Vamos colocar as coisas em perspectiva. O Amazonas não foi a única província do Império nessa condição. Em março daquele mesmo ano, o Ceará havia tomado medida semelhante e, em setembro, foi a vez do Rio Grande do Sul. Desde 1883, algumas cidades tinham feito o mesmo: Redenção, no Ceará; Mossoró, no Rio Grande do Norte e, por fim, Benevides, no Pará.

Nessas regiões, a escravidão não tinha o mesmo peso demográfico e tampouco se constituia na centralidade das economias locais, em comparação com outros lugares. Contudo, isso não esgota a questão. Estamos lidando com um império escravista e, independentemente do lugar, os senhores eram bem comprometidos na defesa de suas propriedades e privilégios.

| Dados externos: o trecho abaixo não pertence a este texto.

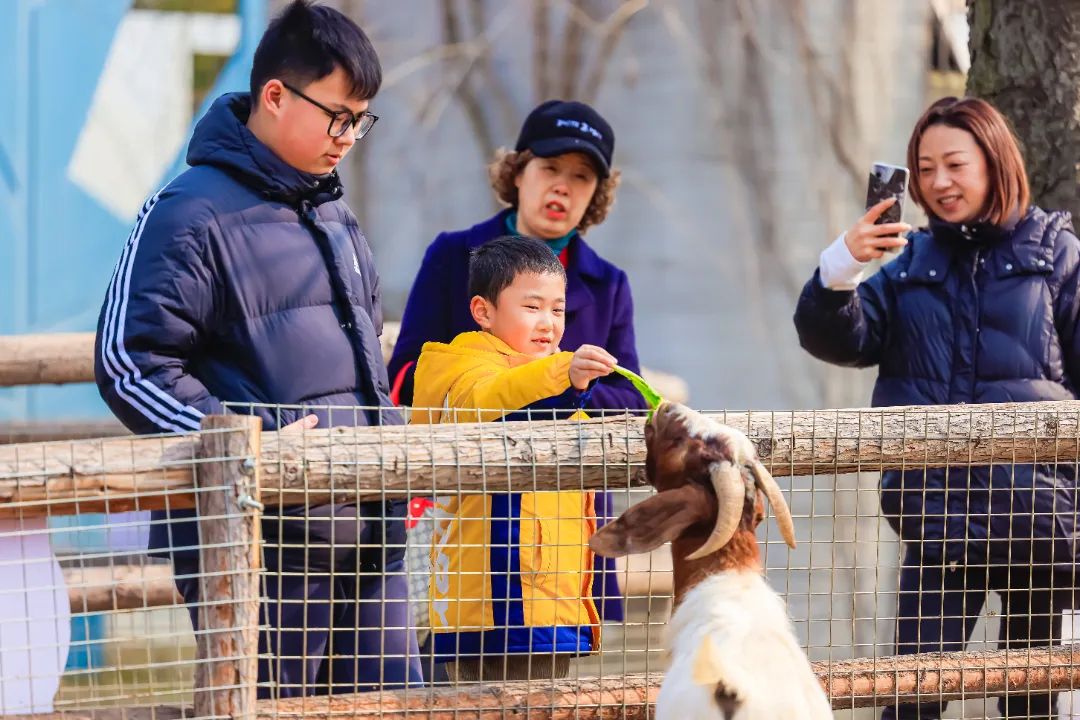 SND_China's tweet image. If you're in the mood for a #springouting, go to Xushuguan in the #SND! This place has it all. Picture a light repast at Changpu Tea House, after climbing Dayang Mountain, enjoying quality time with your loved ones. Come and enjoy the natural spring colors in #SND. 🍃🏕️#VisitSND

A década de 1880 foi agitada em favor das campanhas pelo fim da escravidão no Brasil e, como se pode perceber, os movimentos antiescravidão não tinham o Rio de Janeiro como seu único ponto de origem. O abolicionismo era um expressivo movimento de massas em intensa articulação, como destacam vários historiadores. Estes movimentos sociais defendiam o fim da escravidão de diferentes maneiras. Para além de sua capacidade de mobilização política, é importante analisar outras dinâmicas históricas que iluminam os processos do que, inadequadamente, tem sido chamado de "abolição precoce".

O atributo da "precocidade" de tais movimentos abolicionistas - aparentemente bem-sucedidos - possui problemas analíticos. O primeiro deles é o fato de que subordina tais iniciativas à cronologia das ações da Corte do Império. Nunca é demais lembrar que, em vários outros países, já se havia extinguido a escravidão nesse momento. Isso era fato bem conhecido. De certo modo, isso é o que nós, historiadores, chamamos de "argumento teleológico", ou seja, quando um raciocínio se sustenta na ideia - falsa - de que uma coisa vai acontecer necessariamente só porque a gente já sabe que outra aconteceu. Só chamam de 'precoce' as narrativas que tomam 1888 como marco, já quem em 1884 não se sabia que o 13 de maio aconteceria. Nós sabemos. Eles, não.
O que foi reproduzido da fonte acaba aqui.